At block 430, the 3D skeletons from all camera pairs for a subject 140 can be merged into a final 3D skeleton for the subject by averaging the matching triangulated 3D keypoints across all camera pairs. That said, different embodiments may utilize optimizations (e.g., based on camera location) so that image comparisons of a subset of all images captured at a given time (e.g. “Frame N” in FIG. 4) are compared. This can be repeated for all subjects 140 in the simulation system 100, resulting in a unique 3D skeleton for each subject 140.

At block 440, 3D skeletons of a current frame (“Frame N”) may be merged with corresponding skeletons of a previous frame (“Frame N−1”) to allow continuous identification (tracking) of an individual. The matching of 3D skeletons across frames can be done using a distance metric to identify the 3D skeleton in the previous frame closest to a 3D skeleton in the current frame. (This distance metric may be, for example, the same or similar to the distance metric used for matching skeletons across camera pairs.) These 3D skeletons tracked across multiple frames are known as “persistent” skeletons (as noted in FIG. 4). That said, new 3D skeletons for non-matched 3-D skeletons in the current frame may be counted among the persistent skeletons, and, as noted in block 450, previous persistent skeletons that have not been matched for a threshold amount of frames can be removed from the list of identified persistent skeletons.

Finally, at block 460, the set of persistent skeletons identified in the simulation volume 135 can then be passed to the server 170, which can then display the resulting 3D skeletons as indicated in FIG. 3 (at block 350). In alternative embodiments, alternative algorithms for thresholding and/or best match identification may be utilized.

The use of the output 3D skeleton in a simulation game engine may require converting the format of the 3D skeletons to an acceptable format for a simulation game engine to render an avatar in the visualization. Inverse kinematic algorithms may be utilized to map the 3D skeleton to a rigid body skeleton (using, for example, a point-and-rotation model). Additional or alternative means for mapping may be utilized, depending on the information and formatting of the 3D skeleton and required inputs for the simulation game engine.

FIG. 5 shows a simplified computer system 500, according to some embodiments of the present disclosure. A computer system 500 as illustrated in FIG. 5 may, for example, function as and/or be incorporated into a server 170, client 160, HMD, and/or other device as described herein. FIG. 5 provides a schematic illustration of one embodiment of a computer system 500 that can perform some or all of the steps of the methods provided by various embodiments. It should be noted that FIG. 5 is meant only to provide a generalized illustration of various components, any or all of which may be utilized as appropriate. FIG. 5, therefore, broadly illustrates how individual system elements may be implemented in a relatively separated or relatively more integrated manner.

The computer system 500 is shown comprising hardware elements that can be electrically coupled via a bus 505, or may otherwise be in communication, as appropriate.
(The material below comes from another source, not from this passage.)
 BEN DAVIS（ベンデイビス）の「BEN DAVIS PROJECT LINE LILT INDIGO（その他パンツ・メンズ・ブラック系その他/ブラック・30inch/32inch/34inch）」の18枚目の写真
The hardware elements may include one or more processors 510, including without limitation one or more general-purpose processors (e.g., CPUs) and/or one or more special-purpose processors such as digital signal processing chips, graphics acceleration processors (e.g., GPUs), and/or the like; one or more input devices 515, which can include without limitation a mouse, a keyboard, a camera, and/or the like; and one or more output devices 520, which can include without limitation a display device, a printer, and/or the like.
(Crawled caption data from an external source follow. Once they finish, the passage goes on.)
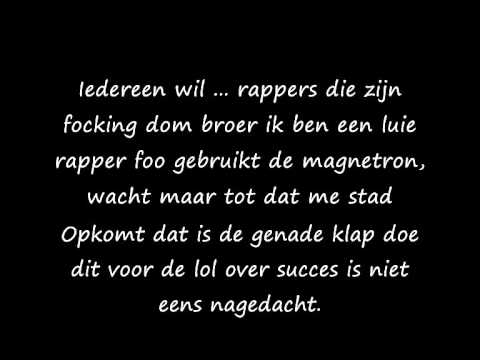 Foo- Hou je bek 2 x 23    Lyrics Songtekst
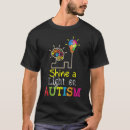Recherche de bril tshirts Autisme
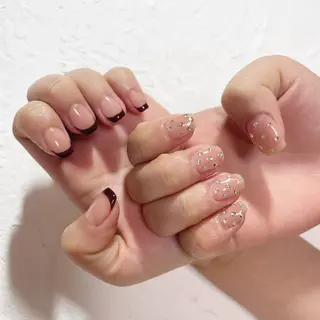 ネイル nail.gorin所属・吉村 優子のネイルデザイン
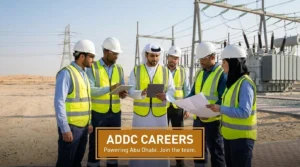 ADDC Careers 2026 | Engineering, Technical & Utility Jobs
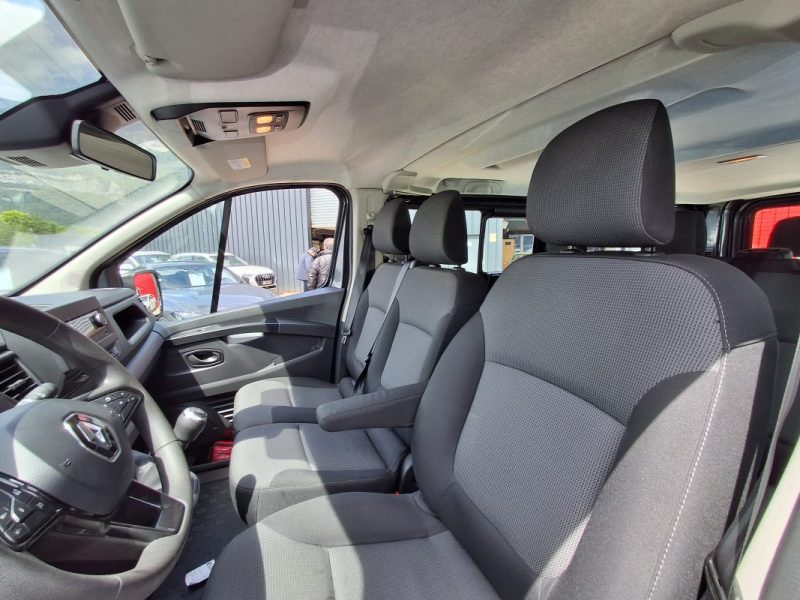 RENAULT TRAFIC COMBI L2 2.0 DCI 150 TVA RECUPERABLE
The computer system 500 may further include and/or be in communication with one or more non-transitory storage devices 525, which can comprise, without limitation, local and/or network accessible storage, and/or can include, without limitation, a disk drive, a drive array, an optical storage device, a solid-state storage device, such as a random access memory (“RAM”), and/or a read-only memory (“ROM”), which can be programmable, flash-updateable, and/or the like. Such storage devices may be configured to implement any appropriate data stores, including without limitation, various file systems, database structures, and/or the like.
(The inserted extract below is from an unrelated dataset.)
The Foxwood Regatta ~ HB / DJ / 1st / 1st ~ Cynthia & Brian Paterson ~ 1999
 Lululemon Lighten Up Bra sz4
The computer system 500 might also include a communication interface 530, which can include without limitation a modem, a network card (wireless or wired), an infrared communication device, a wireless communication device, and/or a chipset, and/or the like. The communication interface 530 may include one or more input and/or output communication interfaces to permit data to be exchanged (e.g., via video data link 150 and/or processed data link 180) with other computer systems, cameras, HMDs, and/or any other devices described herein.

The computer system 500 also can include software elements, shown as being currently located within the working memory 535, including an operating system 540, device drivers, executable libraries, and/or other code, such as one or more application programs 545, which may comprise computer programs provided by various embodiments, and/or may be designed to implement methods, and/or configure systems, provided by other embodiments, as described herein. Merely by way of example, all or part of one or more procedures described with respect to the methods discussed above, and/or methods described in the claims, might be implemented as code and/or instructions executable by a computer and/or a processor within a computer. In an aspect, then, such code and/or instructions can be used to configure and/or adapt a general purpose computer or other device to perform one or more operations in accordance with the described methods.

A set of these instructions and/or code may be stored on a non-transitory computer-readable storage medium, such as the storage device(s) 525 described above. In some cases, the storage medium might be incorporated within a computer system, such as computer system 500. In other embodiments, the storage medium might be separate from a computer system e.g., a removable medium, such as a compact disc, and/or provided in an installation package, such that the storage medium can be used to program, configure, and/or adapt a general purpose computer with the instructions/code stored thereon. These instructions might take the form of executable code, which is executable by the computer system 500 and/or might take the form of source and/or installable code, which, upon compilation and/or installation on the computer system 500 e.g., using any of a variety of generally available compilers, installation programs, compression/decompression utilities, etc., then takes the form of executable code.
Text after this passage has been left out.